TOKYO (VGMG) — The Bank of Japan announced on June 16 that it would raise its policy interest rate by 25 basis points to 1.0 percent, reaching its highest level since 1995 amid ongoing concerns over inflation and currency pressures.
The monetary policy committee approved the rate increase with a 7-1 vote, marking the fifth rate hike since Japan ended its negative interest rate policy in March 2024. The decision aligned with market expectations following a three-meeting pause in adjustments.

Rate Hike Details

Under the new policy, the Bank of Japan will maintain its monthly government bond purchases at approximately 2 trillion yen starting from April 2027, effectively pausing the reduction of its holdings.
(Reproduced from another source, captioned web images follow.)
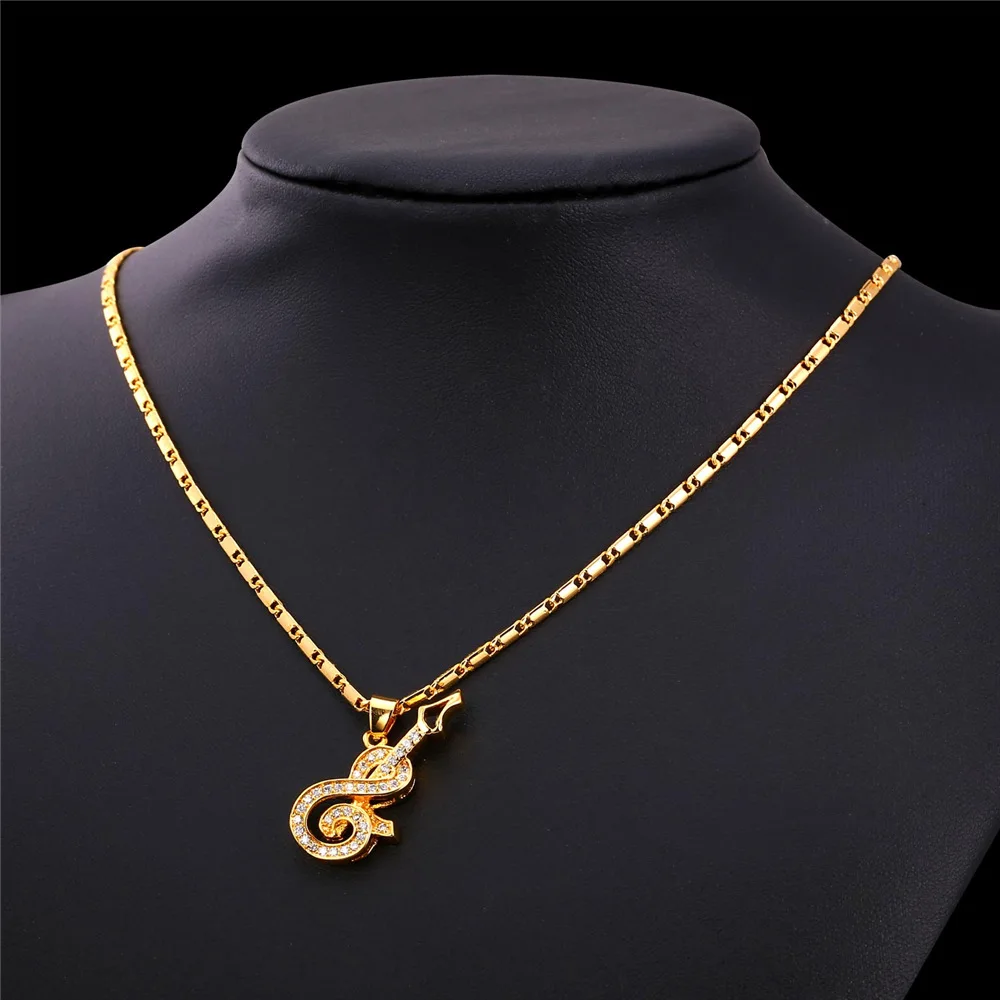 U7 Позолоченный Гитара Кулон Ожерелье Мужчинны /Женщины Циркон Музыкальный Знак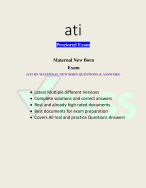 RN ATI MATERNAL NEWBORN PROCTORED EXAM(22 VERSION,NGN)-2024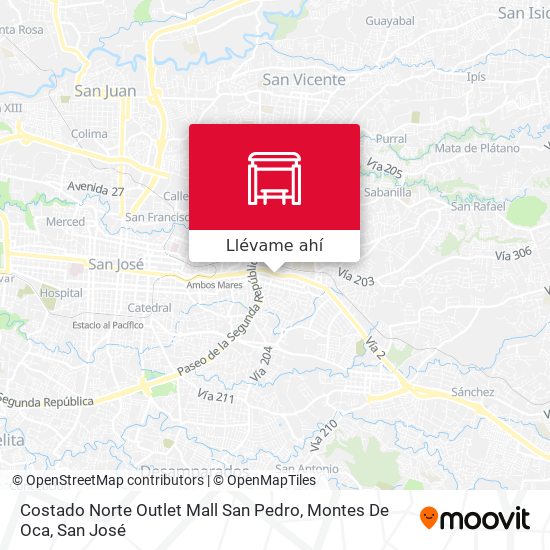 Mapa de Costado Norte Outlet Mall San Pedro, Montes De Oca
The central bank acknowledged that rising international oil prices are transmitting rapidly through the economy, potentially pushing domestic consumer prices higher than previously anticipated.
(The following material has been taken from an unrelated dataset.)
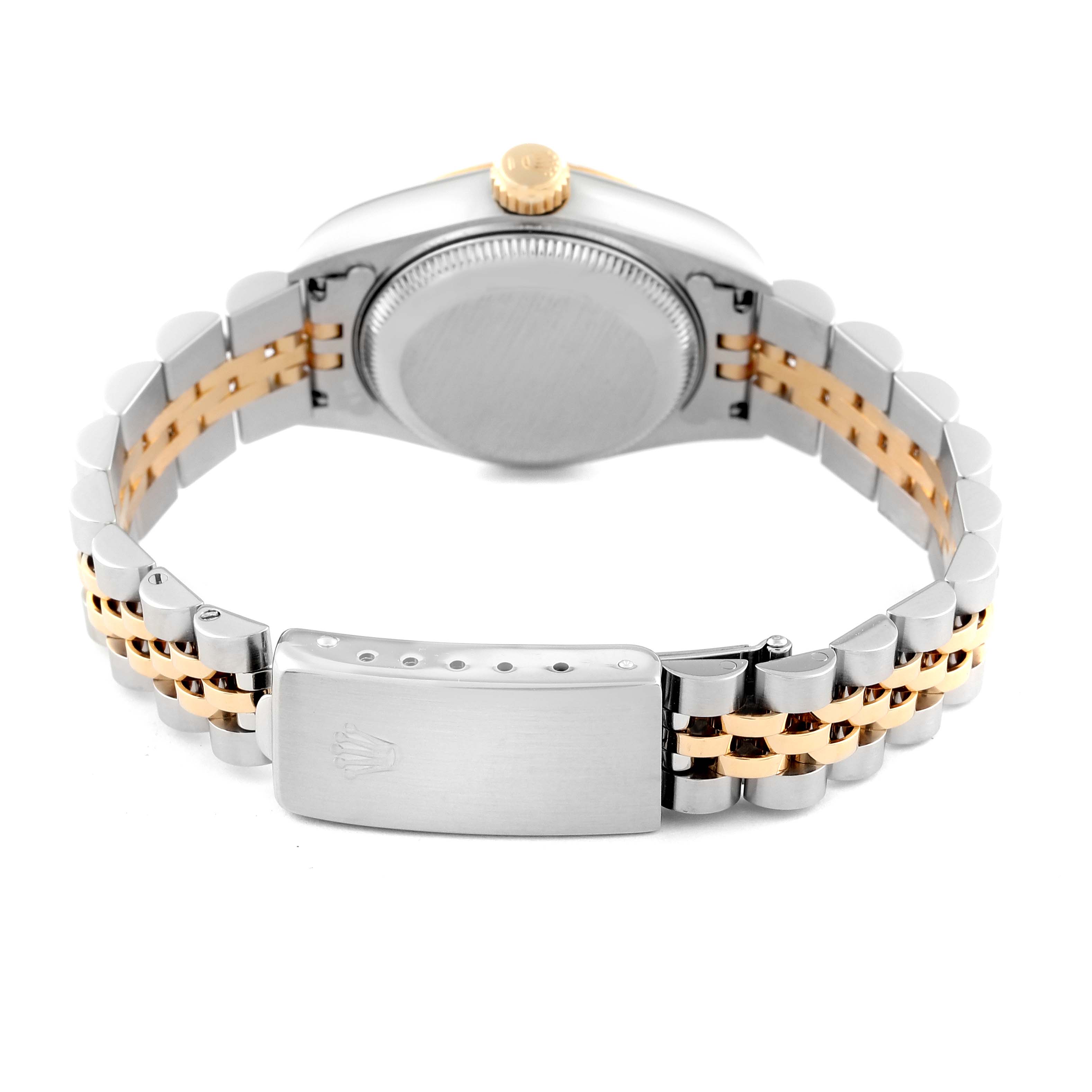 The image shows the back of a Rolex Datejust 69173 Women
s Steel and Gold (two tone) Champagne Dial 69173 Women
s Steel and Gold (two tone) Champagne Dial with a two-tone bracelet and clasp.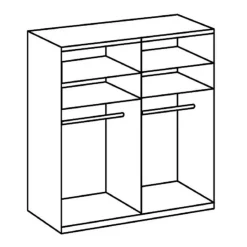 Kledingkast Oss Donkergrijs - 200x236x58 cm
The rate increase comes as the yen’s prolonged weakness has heightened import costs. In a massive effort to stem the currency’s decline, the Japanese government spent a record 11.7 trillion yen in interventions spanning late April through May, highlighting the extreme challenges posed by the yen’s depreciation.

Economic Implications

Japan’s consumer price index has remained elevated, prompting concerns that inflation could exceed the Bank of Japan’s 2 percent target without continued policy adjustments. The central bank’s deputy governor indicated that future rate decisions would closely monitor developments in Middle East situations and other uncertain factors affecting the economic outlook.
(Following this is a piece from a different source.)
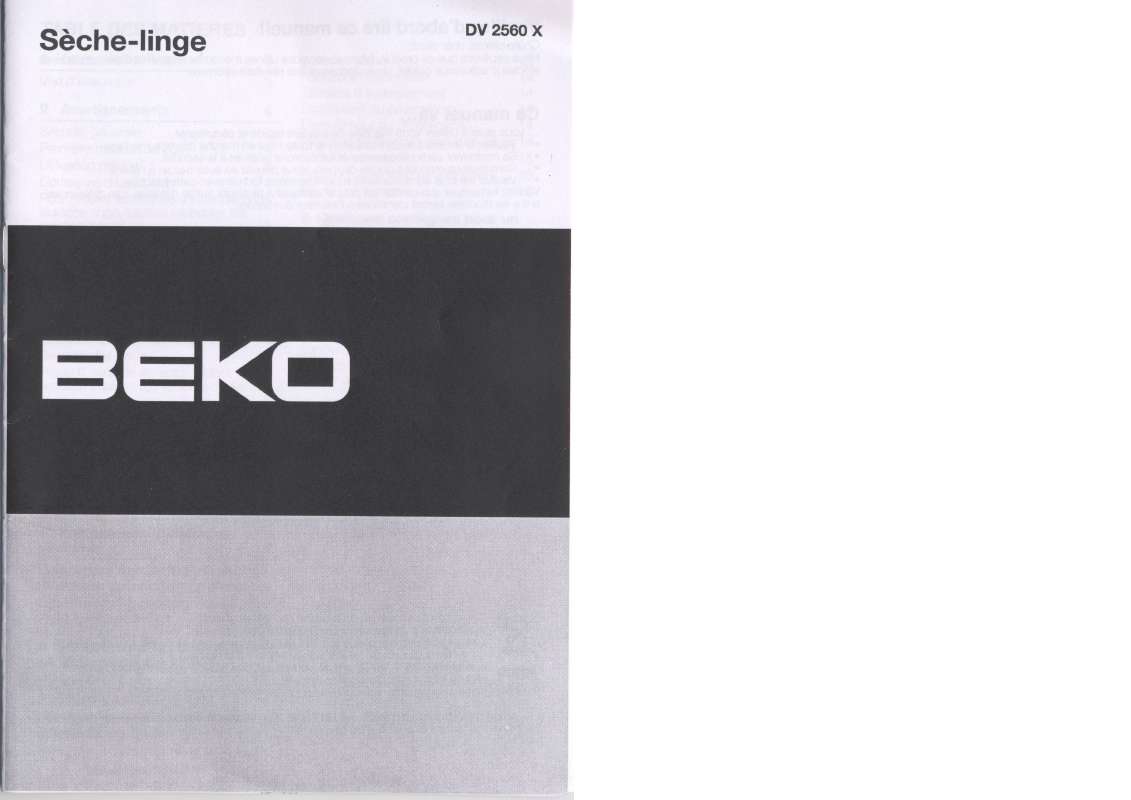 Guide utilisation BEKO DV 2560 X de la marque BEKO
The Bank of Japan governor was absent from the meeting due to hospitalization, with the deputy governor presiding over the session. One committee member dissented, arguing that downside risks to production and employment from the Middle East situation outweighed upside inflation pressures.
Meanwhile, South Korea’s central bank faces increasing pressure to follow suit. With South Korea’s benchmark rate currently at 2.5 percent, the narrowing interest rate differential between the two countries could intensify downward pressure on the won, which has already weakened toward levels not seen since 2009.